The upper annulus, which initially contains kill-weight, incompatible service fluid, is selectively opened by shifting the service string until the seal units are retracted out of the upper packer seal bore. A relatively lightweight, compatible completion fluid is then pumped through the inner service string and washpipe through the ported sub into the production annulus. The relatively heavy, incompatible service fluid in the production annulus is displaced into the upper service string/well casing annulus through the annulus between the upper service string and the upper packer bore. An underbalanced condition is imposed in the production annulus by replacing the heavy, incompatible service fluid with relatively lightweight, compatible completion fluid.
The work string is then moved to a sealing position within the upper packer bore in which the upper annulus is isolated and the perforating guns are positioned in alignment with the producing formation. Back pressure is maintained on the kill weight service fluid in the service string/well casing annulus above the upper packer for well control purposes. The kill weight service fluid is prevented from entering the production annulus by engagement of the seal units in the upper packer bore. After the guns have been fired, the perforation/gravel pack assembly is moved down, with the gravel pack screens moving into place across the new perforations. Since the upper annulus is isolated with respect to the production annulus by the long, upper seal unit assembly, the movement of the screens and perforating guns is accomplished without killing the well, and without the introduction of incompatible service fluids into the formation which might cause formation damage.
The assembly is prepared for gravel packing by running the perforating gun assembly through the seal bore of the bottom packer, and sealing the bottom packer bore with one or more longitudinally spaced seal units of the lower set. The circulation sub is opened to the crossover position, the washpipe is retracted to the reverse circulate position, and gravel slurry is pumped through the inner service string into the production annulus between the screen and the perforated casing. The slurry liquid is returned through the tell-tale screen, upwardly through the washpipe and circulation tool, where it crosses over for return to the surface through the bypass annulus between inner service string and the upper flow conductor seal assembly. After completion of the gravel pack, the circulation tool and washpipe are retrieved from the well. The longitudinally spaced seal units on the upper flow conductor string prevent loss of the kill weight service fluid from the upper annulus as the circulation tool and washpipe are pulled out of the well. An internal flapper valve closes the flow conductor bore as the washpipe is retrieved. The production annulus between the screen and well casing is isolated with respect to the well below the bottom packer by the longitudinally spaced seal units on the lower flow conductor string.

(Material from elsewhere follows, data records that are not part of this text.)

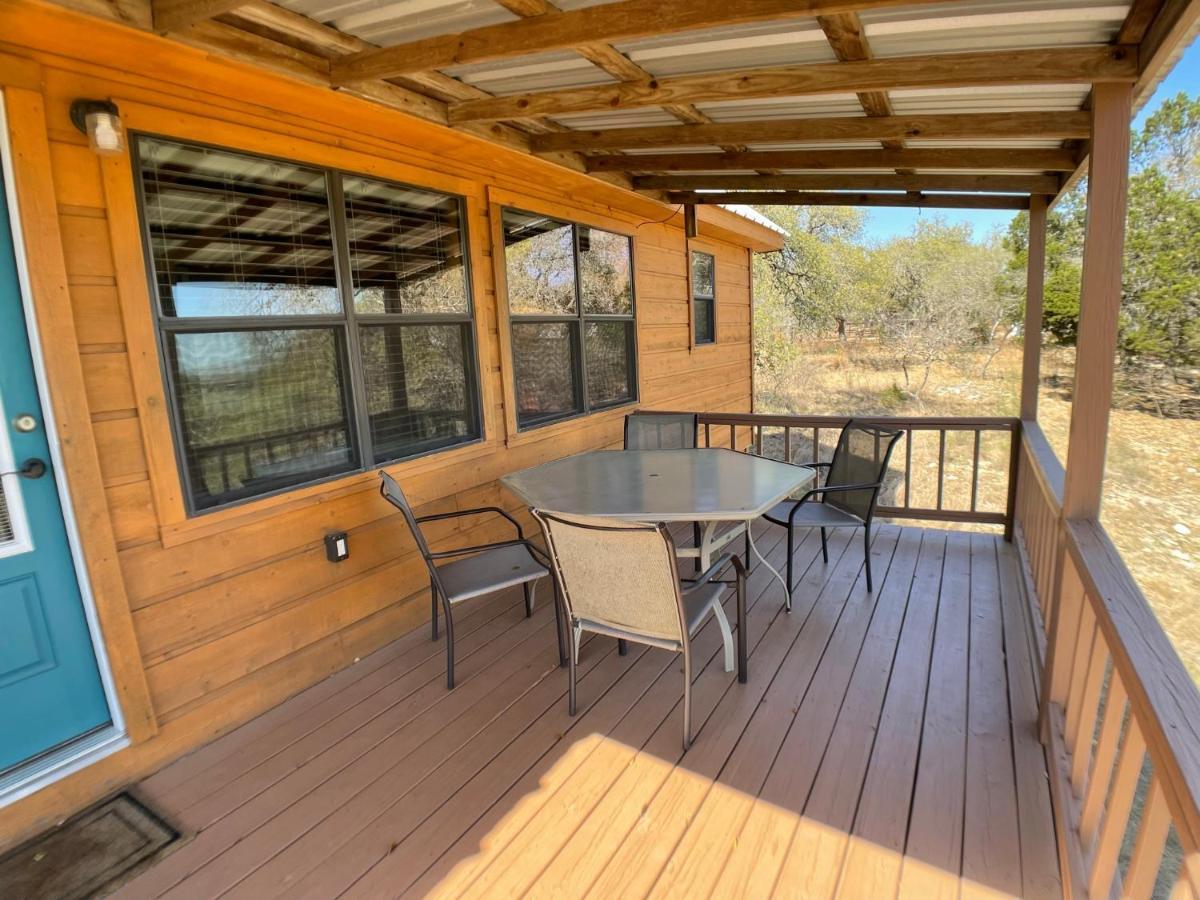 Walnut Canyon Cabins Fredericksburg Bagian luar foto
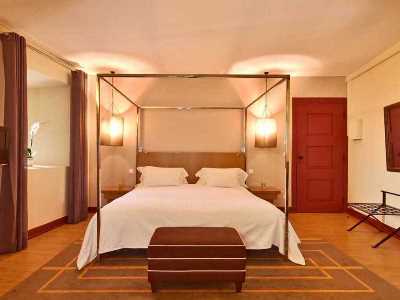 bedroom 4 - hotel pousada castelo de obidos - obidos, portugal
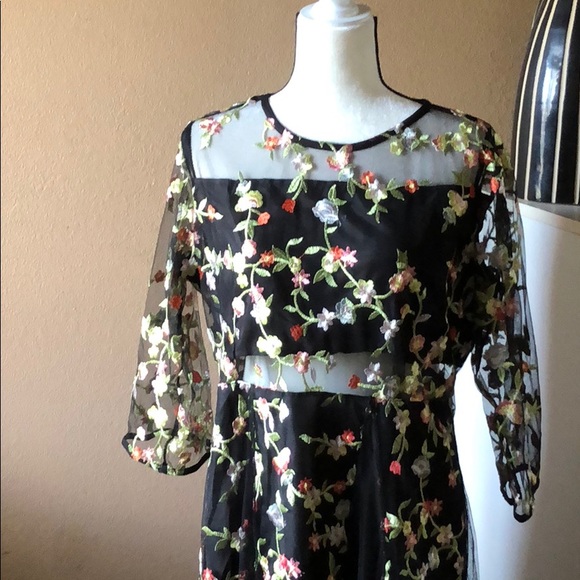 🌸HP🌸Embroidered Floral Gown - Picture 2 of 6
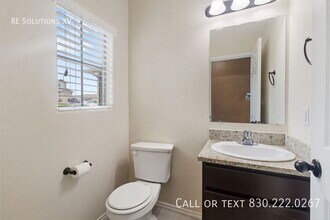 8709 Azul Sky Ct in Converse, TX - Building Photo - Building Photo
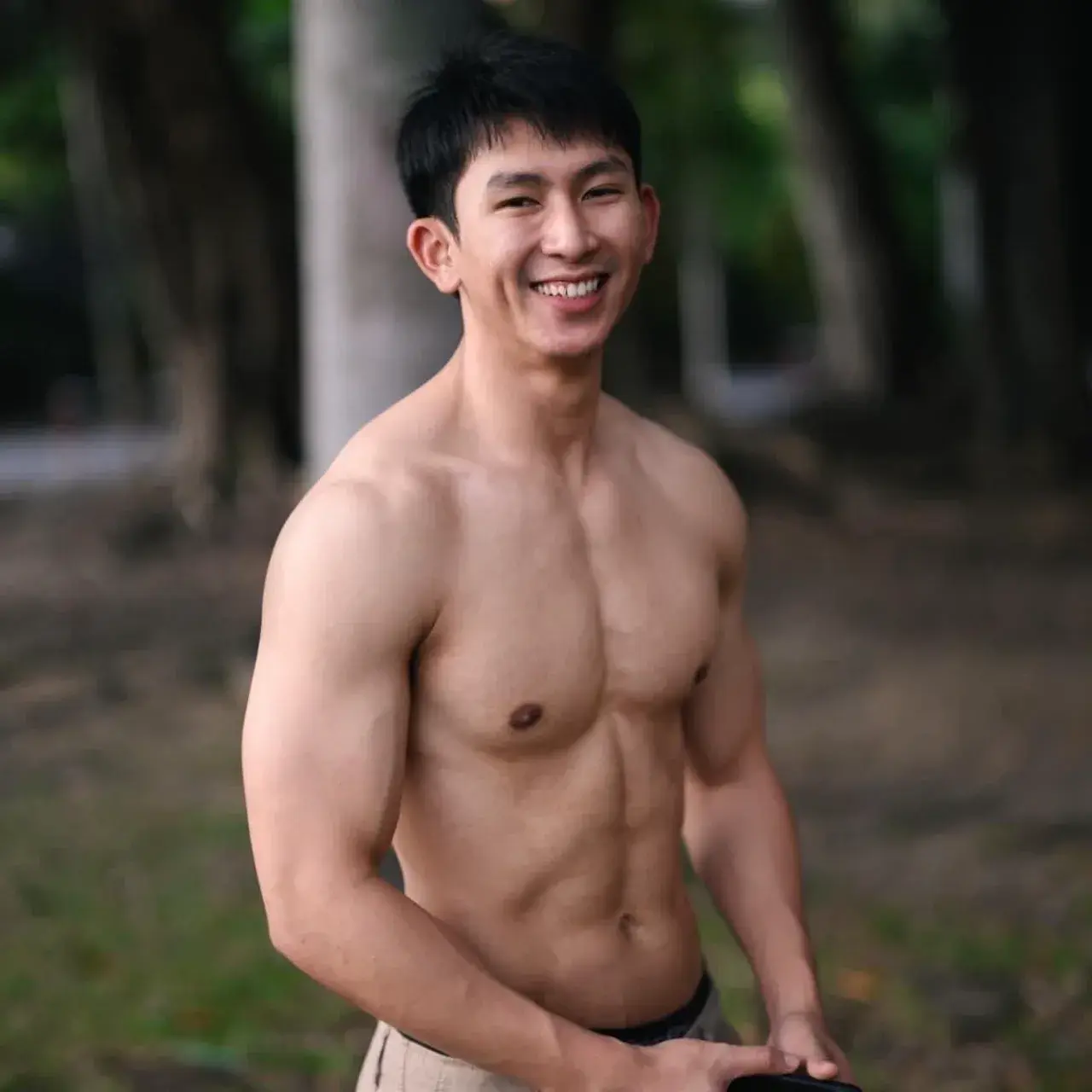 ปิดครึ่ง ทำหน้ามีเลศนัยตลอด tw.@Avemariarm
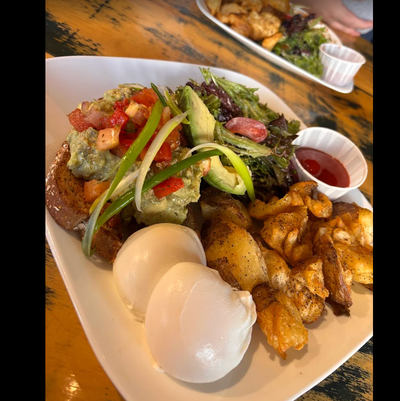 An incredible opportunity to own a well-established Restaurant (American) + Bar located in the heart...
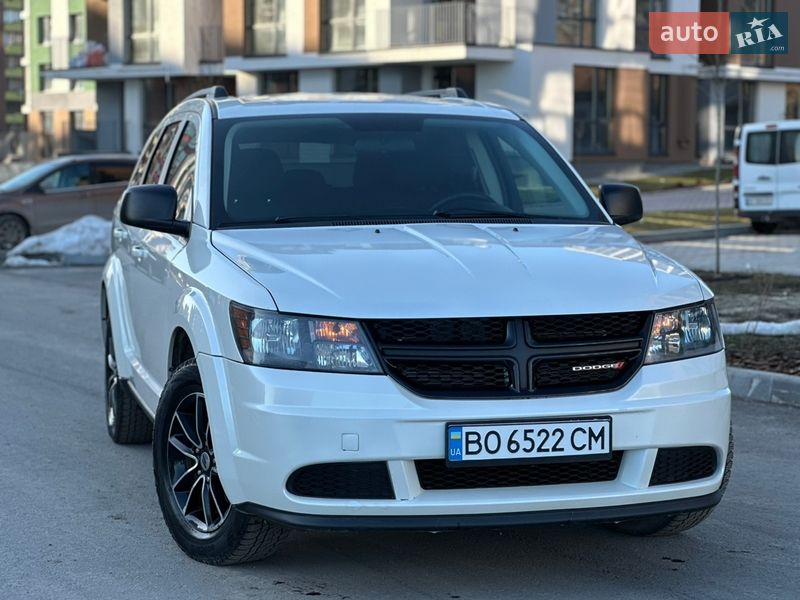 Внедорожник / Кроссовер Dodge Journey 2017 в Тернополе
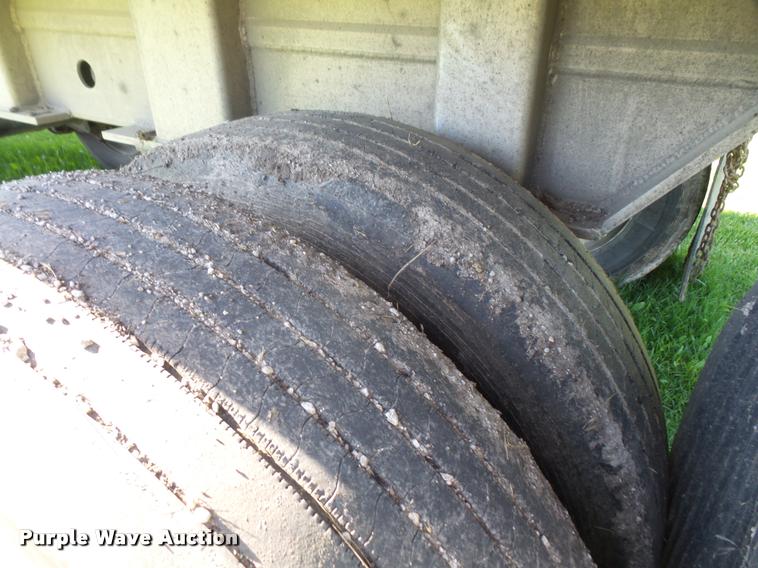 image for item DA6426 2010 Mate end dump trailer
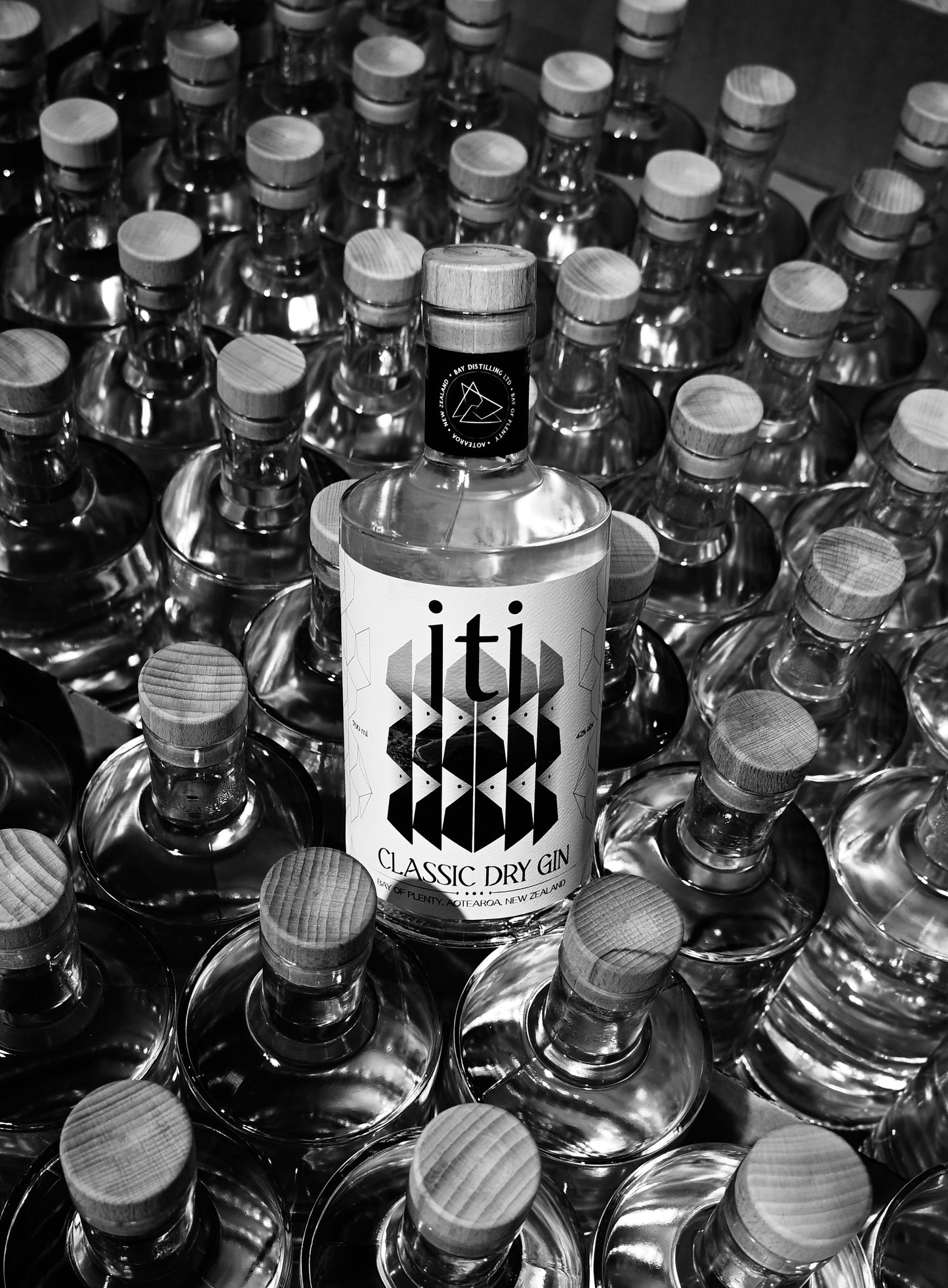 iti Classic Dry Gin - 42% abv - 700ml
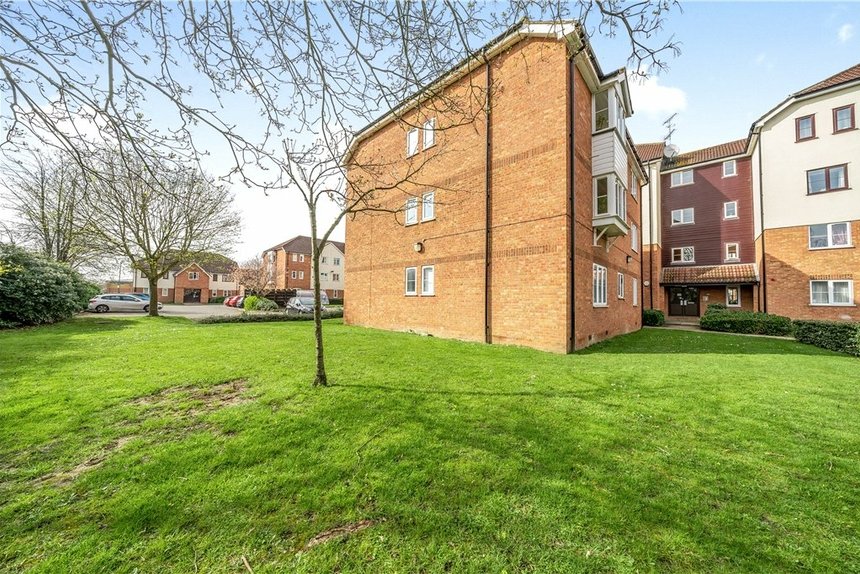 under offer campion court london 38430 - Gibbs Gillespie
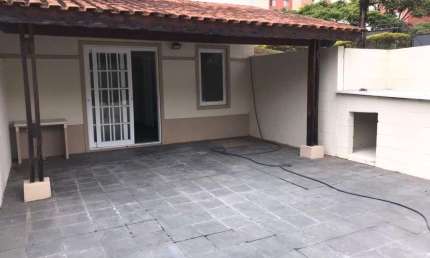 Casa com 3 quartos à venda na Rua Pedrina Maria da Silva Valente, 30, Horto do Ipê, São Paulo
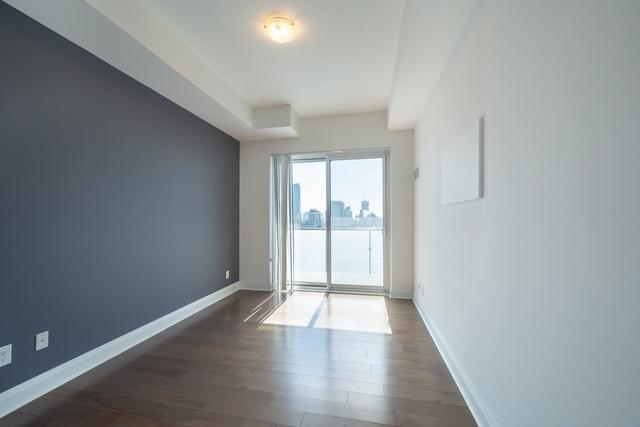 3802 - 65 St Mary St, Condo with 2 bedrooms, 2 bathrooms and 1 parking in Toronto ON | Image 3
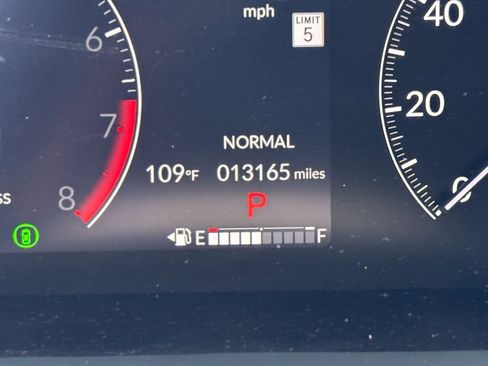 Certified 2024 Honda HR-V Sport image 28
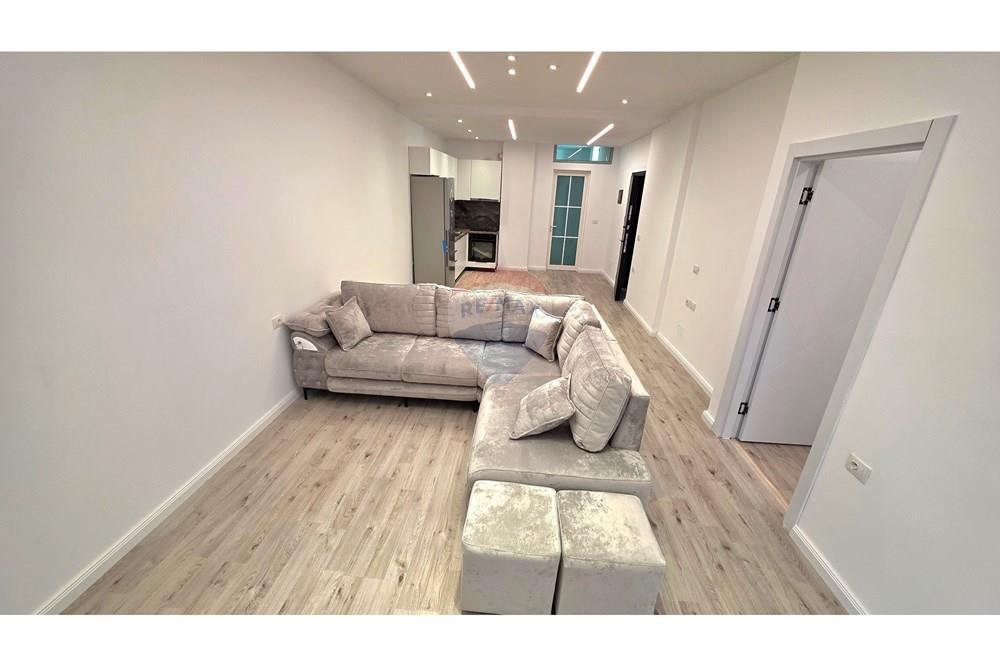 Apartament 1+1 në shitje pranë palestrës së mundjes, Vlorë (2)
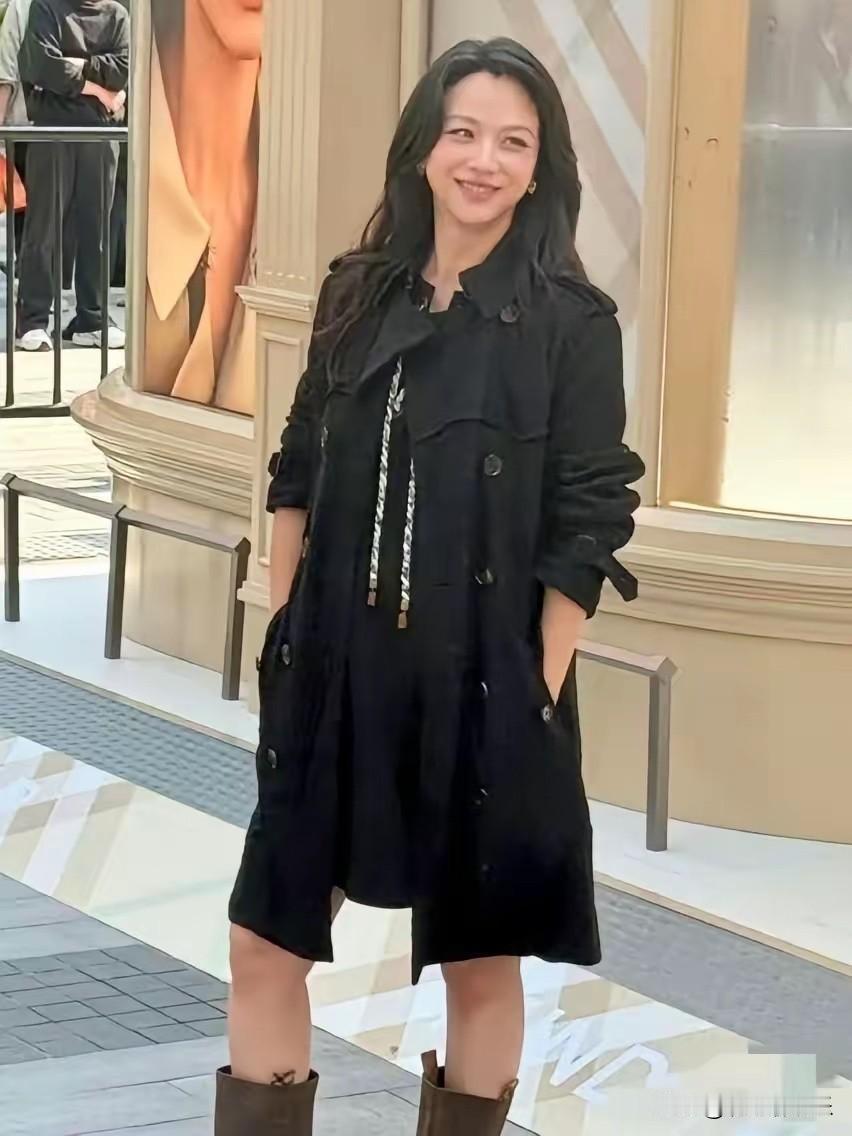 刚47岁的汤唯，居然火急火燎去拼二胎了？！这事儿还没官方确认，但全网已经炸了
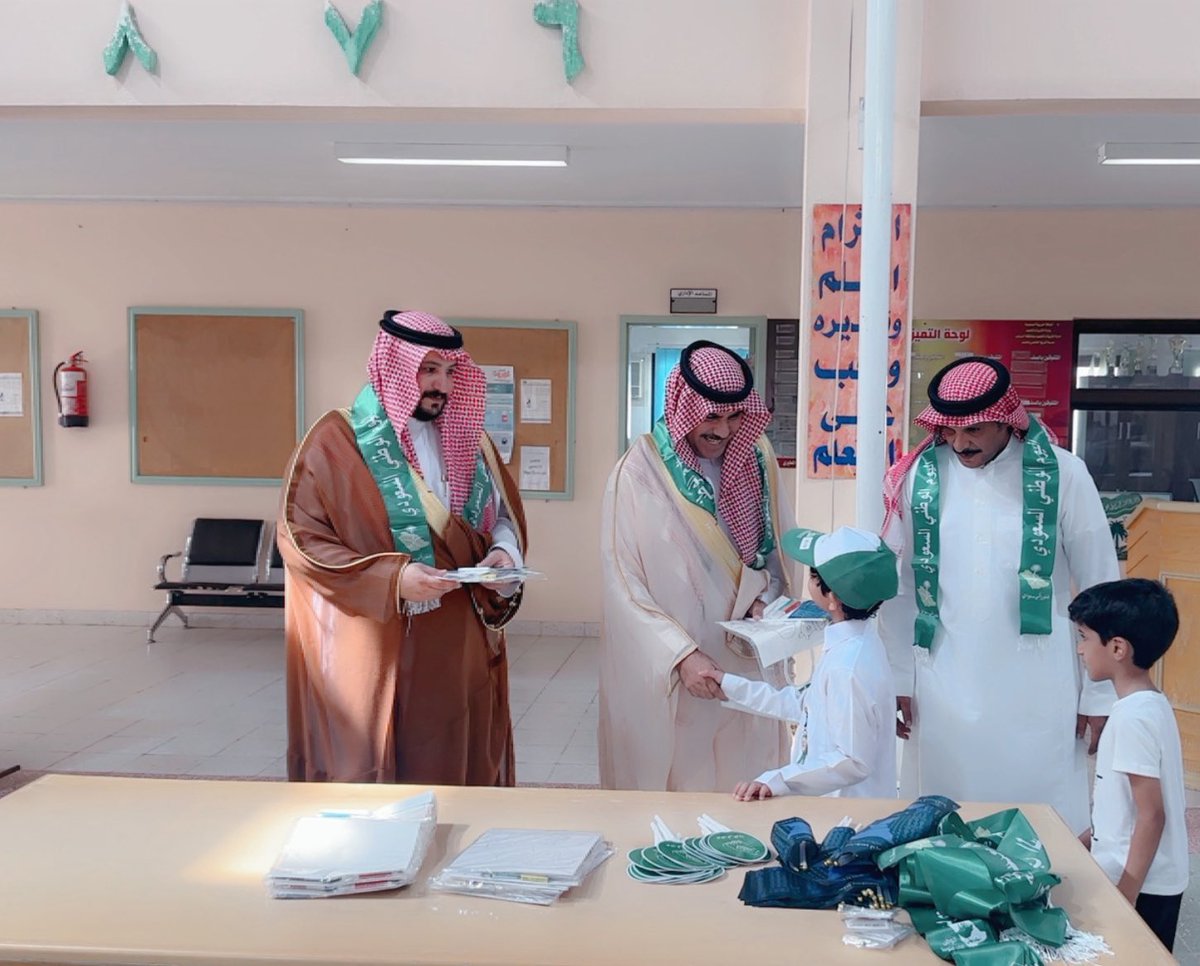 muicipalityamar's tweet image. سعادة رئيس مركز العمار أ/فهد بن محمد بن جبرين ورئيس البلدية م/عبدالله بن شالح الحزيمي يشاركون في توزيع الهدايا بمناسبة #اليوم_الوطني95 في مركز العمار و بمدارس المركز، لتعزيز روح الانتماء والوطنية لدى الطلاب والمجتمع 🇸🇦💚🤍
#اليوم_الوطني_السعودي 
#عزنا_بطبعنا 
#أمانة_منطقة_القصيم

Operational features and advantages of the present invention will be understood by those skilled in the art upon reading the detailed description which follows with reference to the attached drawings.
FIG. 1 is a simplified, sectional view which illustrates a producing formation which is intersected by a vertical well having a tubular casing and upper and lower retrievable seal bore packers;
FIG. 2A, FIG. 2B and FIG. 2C are simplified, elevational views of the combination perforating/gravel packing tool of the present invention;
FIG. 3A, FIG. 3B, FIG. 3C and FIG. 3D are simplified views which illustrates the installation of the combination perforating/gravel packing tool of FIG. 2 in the well of FIG. 1, with the components being shown in the perforating position;
FIG. 4A, FIG. 4B and FIG. 4C illustrate the relative position of the components in the gravel packing position;
FIG. 5 is an elevational view, partially in section, of a tubular flow conduit having externally mounted seal elements adapted for sealing engagement within a packer seal bore;
FIG. 6 is an elevational view, partially in section, of an isolation sleeve in the closed position;
FIG. 7 is an elevational view, partially in section, of a dart circulation tool;
FIG. 8 is a view similar to FIG. 6, showing the dart of FIG. 7 and isolation sleeve of FIG. 6 in the gravel pack position;
FIG. 9 is a sectional view of a flapper valve assembly, shown in the open position; and,
FIG. 10 is a view similar to FIG. 9, with washpipe withdrawn and flapper valve in the closed position.
In the description that follows, like parts are marked throughout the specification and drawings with the same reference numerals respectively. The drawings are not necessarily to scale and the proportions of certain parts have been exaggerated to better illustrate details and features of the invention. As used herein, the designation "T" refers to a threaded union.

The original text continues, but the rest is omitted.